What's wild is we're just at the tip of the iceberg when it comes to the sophistication of deep fake videos.
They're going to get a lot better and they're going to be much more difficult to discern, but there's a race to develop software and technology that can sniff out a fabricated or altered video.
In the wake of those deep fakes that went viral, some companies have announced an effort to combat fake content.
Just recently, Adobe posted That it's developed a method for detecting edits to images that were made using Photoshop's face aware liquify feature.
But it's all a cat and mouse chase for sure.
And if history is any indicator, the sophistication of cutting edge deep fakes will likely have detection software playing catch up.
In a recent story on the subject from the Washington Post A digital forensic expert at the University of California at Barkley told the post straight up, we are outgunned.
The number of people working on the video synthesis side as opposed to the detector side is a hundred to one.
Maybe the answer will come in the form of blockchain.
That's the technology that helps authenticate cryptocurrency transactions.
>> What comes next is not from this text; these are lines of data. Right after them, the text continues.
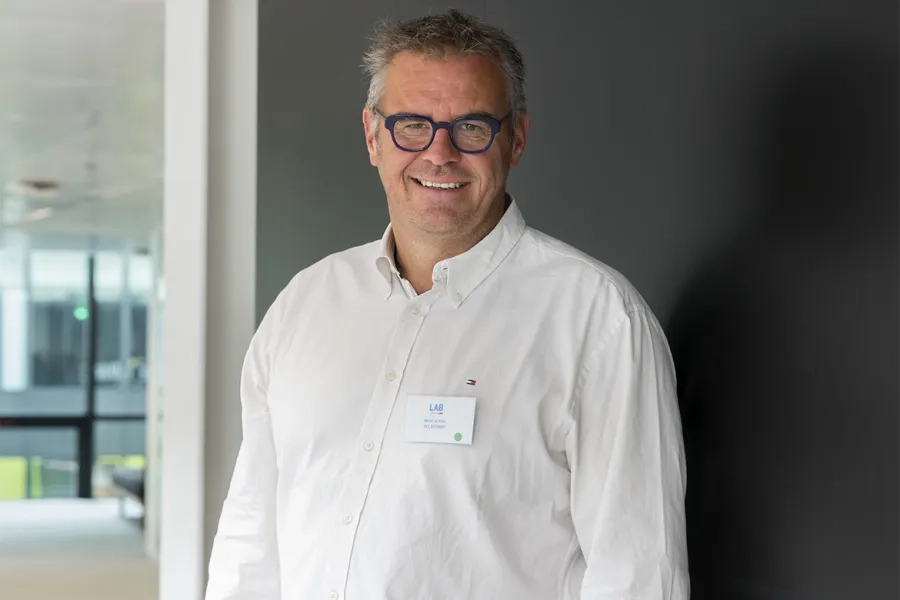 Marc Le Foll - Dirigeant d’ECL ECONET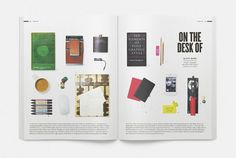 Swiss Legacy | Swiss Legacy, by the initiative of Art Director Xavier Encinas, is a blog focused on typography, graphic design and inspirati #offscreen #book #magazine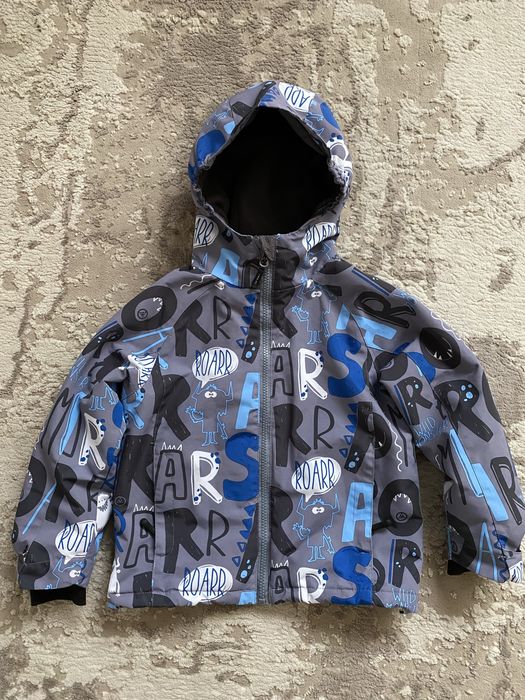 Демісезонна куртка 104-110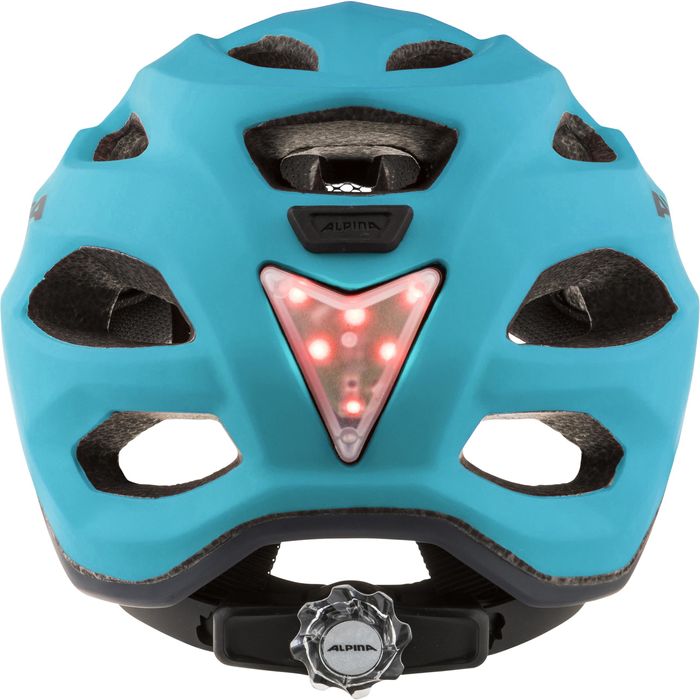 outlet kask rowerowy alpina caparax jr. r. m 51-56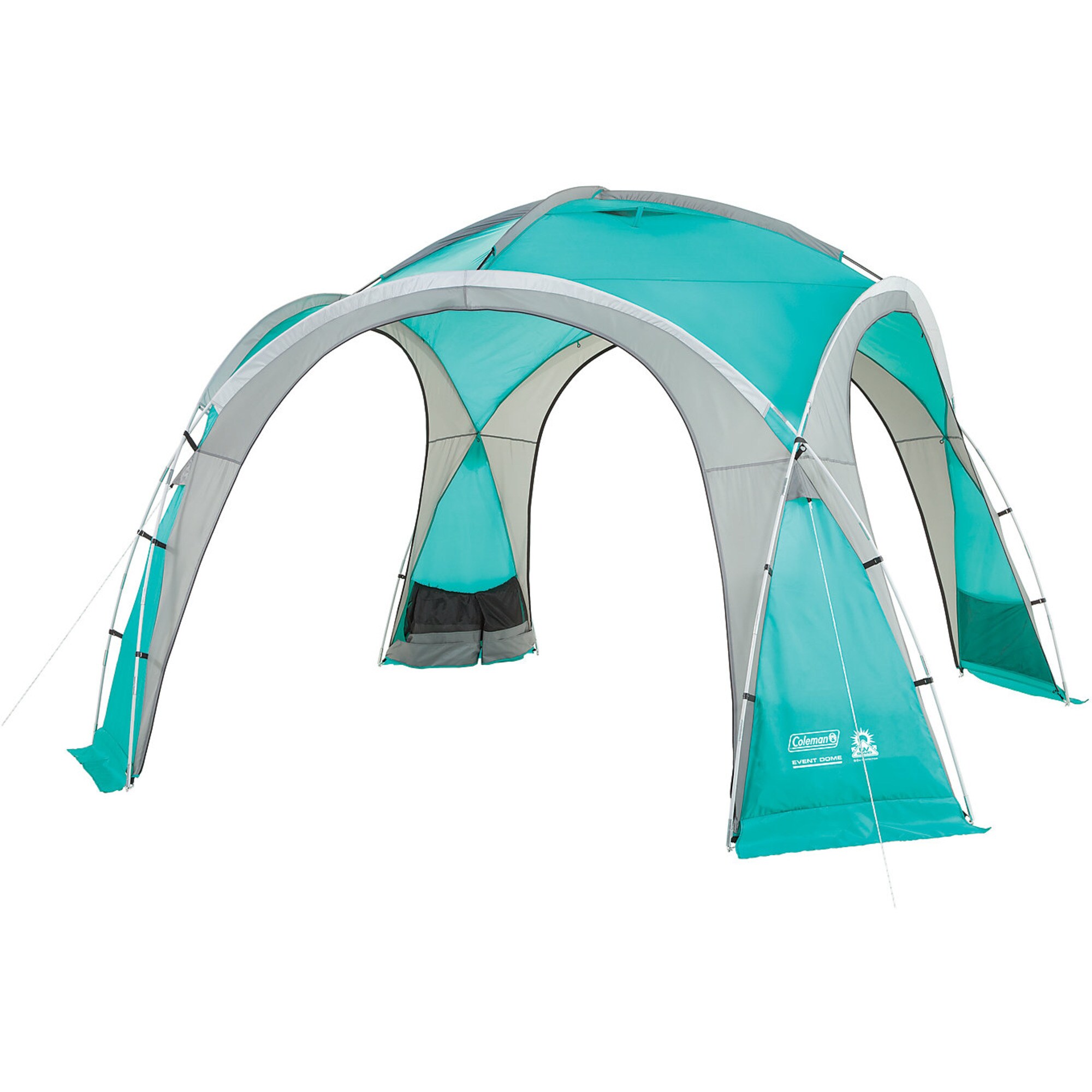 Coleman Pavillon Event Dome Shelter XL, 4,5 x 4,5m - Bild 1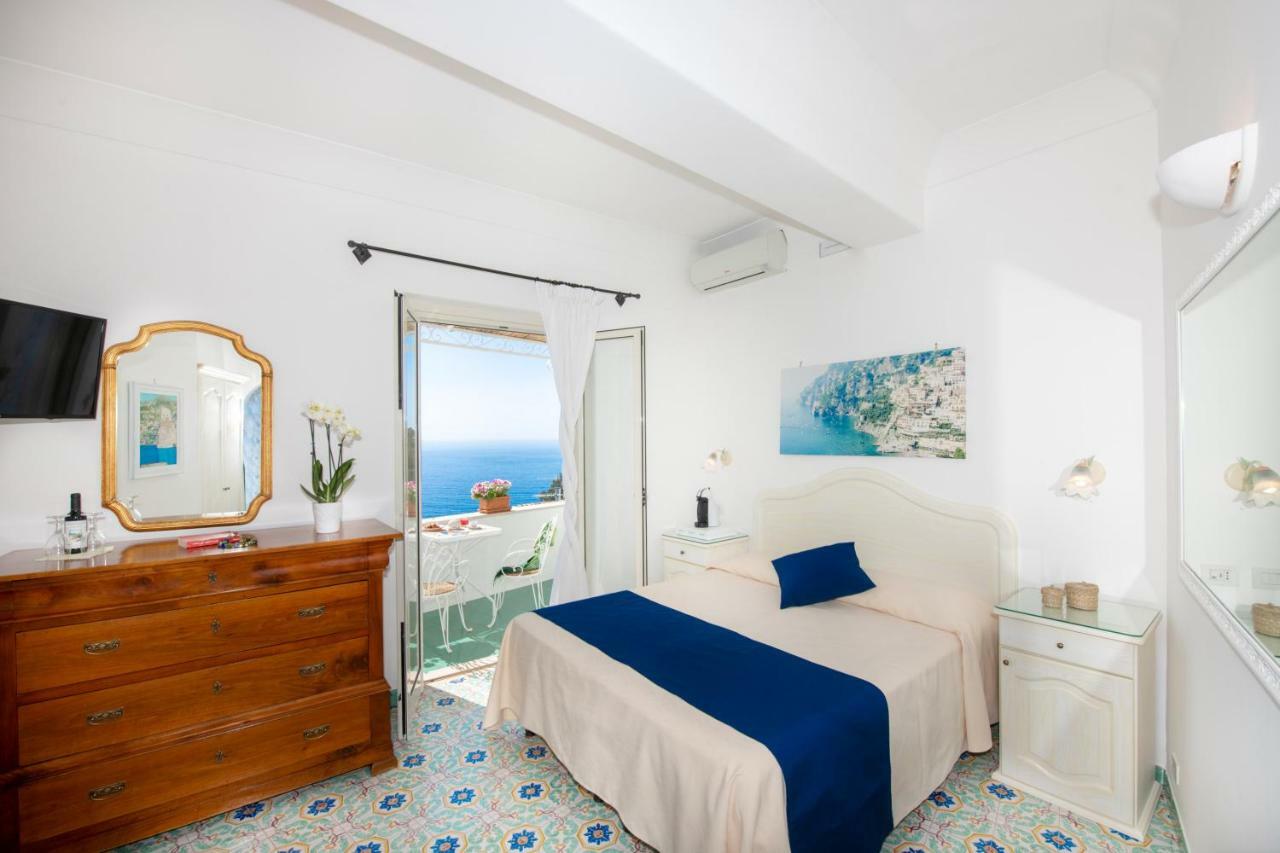 Casa Guadagno Hotell Positano Eksteriør bilde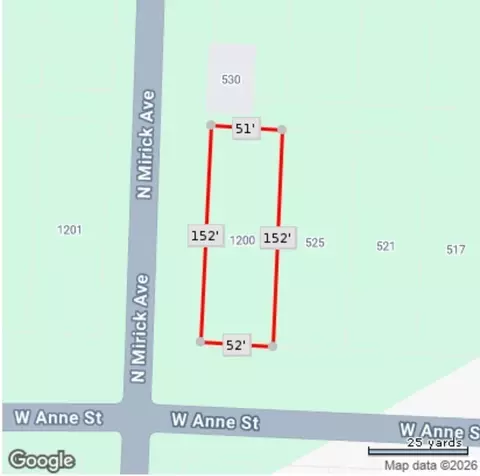 1200 N Mirick Ave, Denison, TX 75020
There's already encouraging ideas out there that might prove useful, using that technology for deep things.
But ultimately, a lot of that responsibility is gonna fall on us right now.
kind of suck.
We love drama and we love being shocked.
It's what we respond to.
It's what engages us.
It's what drives the conversation.
That's unlikely to change.
But the way we look at things on the internet has to.
I know there's still so much to talk about with this topic, and there's a ton I have not touched on.
So you let me know what you think.
And in the meantime, I'm gonna delete every photo of myself off the internet.